Jet Technology Miniaturised : Improved Cooling

Jet Engines allowed fighter planes to break the supersonic barrier and now, the same technology might allow IT devices to make the same quantum leap as GE Engineers have adapted jet engine technology for “cooling jets” for thinner, quieter and more efficient cooling systems.

The cooling device are called “dual piezoelectric cooling jets” and is only 3mm thick, the same thickness as a stack of 2 coins. The design is of 2 nickel discs separated by a piezoelectric ceramic. When alternating current flows through the two discs, they contract and expand as fast as 150 times per second. Each vibration sucks in air from the surrounding area and expels it at high velocity through the centre, an efficient design without any motor or bearing to reduce component wear.

Peter deBock, lead thermal systems engineer at GE Global Research, and his team had already incorporated the design on a laptap and while maintaining same cooling efficiency, allowed improvements in energy consumption as well as as space and weight savings. deBock says. “It can make the laptop thinner or allow adding more electronics.” Since it is also less power hungry, GE estimates that the cooling technology can add as much as 30 minutes of extra battery life.

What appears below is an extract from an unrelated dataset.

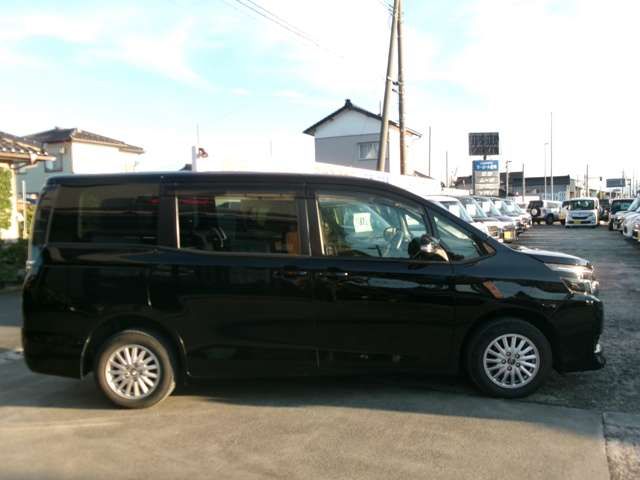 TOYOTA VOXY 4WD 2015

GE received the first patent on the technology in 2004, and has gained a dozen more patents since. The company has already licensed the technology to Japan’s Fujikura LTD, a leading manufacturer of cooling devices.

With ultrabooks fast becoming a staple in the computer industry, this new cooling technology should give rise to even more powerful and slimmer laptops. One of the key constraints on laptops have always been due to the graphics chipset due to the significant power and cooling requirements. This should help alleviate some aspect of that constraint. As of now, it is unlikely to see this application in mobile phones or tablets, which generally operates based on heatsink cooling but options are always a good thing.